The pharmaceutical lobby’s significant support for medical access to cannabis, and relative disinterest to the social issues attached to the plant, are also key to note. It explains, for example, why the recent declaration of the CESEM has no mentions of the racist nature of the war against cannabis, where the frequent battlefield are working-class neighbourhoods across France.

 

A vision of the future

The future looks mixed. The Macron government’s recent move to further repress drug use has materialized through the introduction of administrative fines (Amende Forfaitaire Délictuelle) for consumption, which is added to the arsenal of already existing penalties. Faced with this attack, advocates remain unable to deploy any effective counter-arguments, stuck in their medical approach; it’s a struggle to differentiate these arguments from those the Minister of the Interior used to use in 1980s, which used “drugs are shit” as a slogan for a public campaign.

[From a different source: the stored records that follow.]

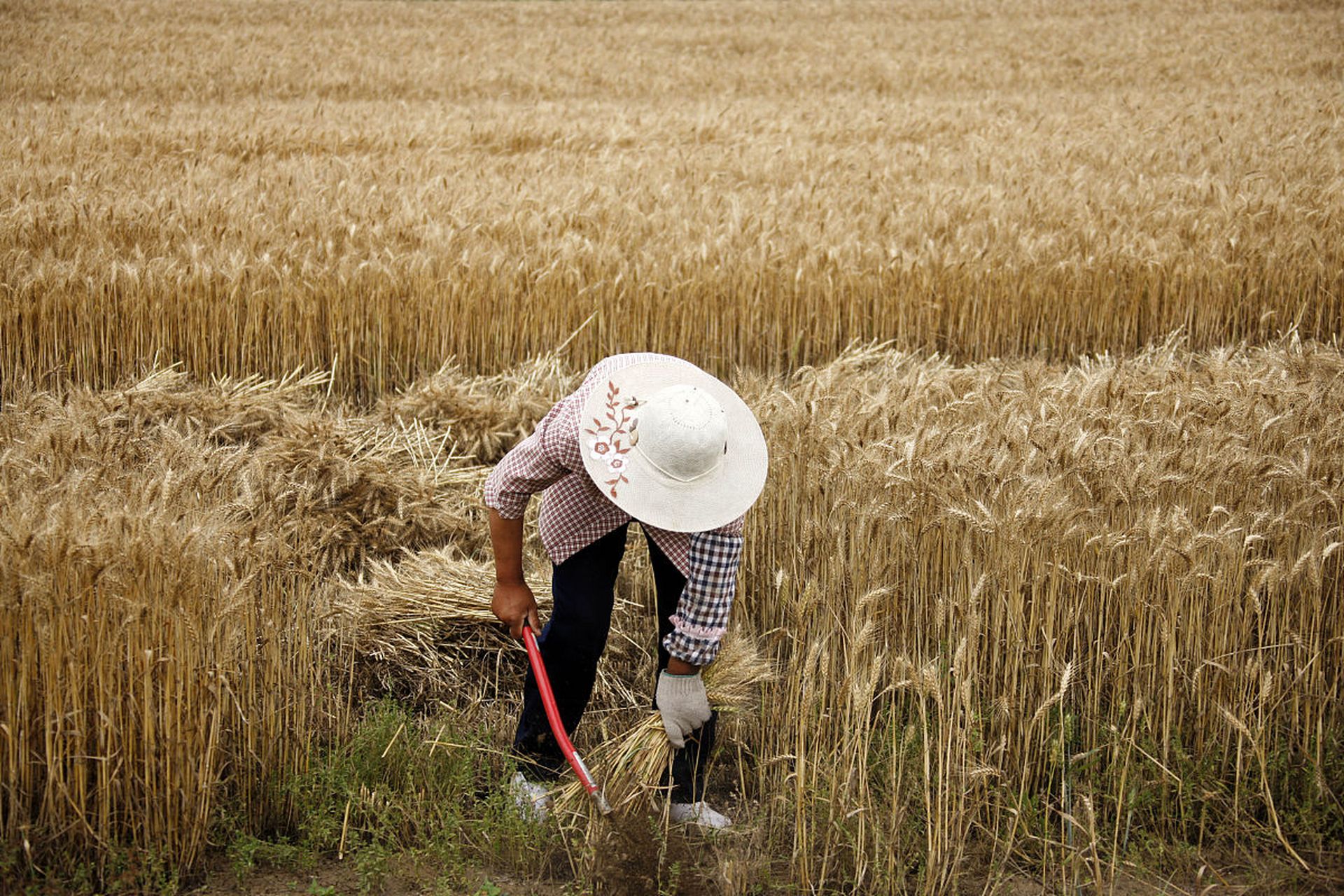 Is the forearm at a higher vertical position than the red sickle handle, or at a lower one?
higher

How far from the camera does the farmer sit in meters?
2.25

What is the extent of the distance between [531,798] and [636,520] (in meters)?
0.78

On the other hand, the war waged on the suburbs in the name of the fight against cannabis is increasingly highlighted by official bodies. The National Consultative Commission on Human Rights (CNCDH) and the Defender of Rights have produced surveys that unveil the reality of racial profiling. It is therefore possible that the constant and nagging issue of social and racial discrimination that defines our entire repressive system of drug control may come to influence the activists fighting against the war on cannabis. Only then will the French resistance to drug policy reform may be addressed and surpassed.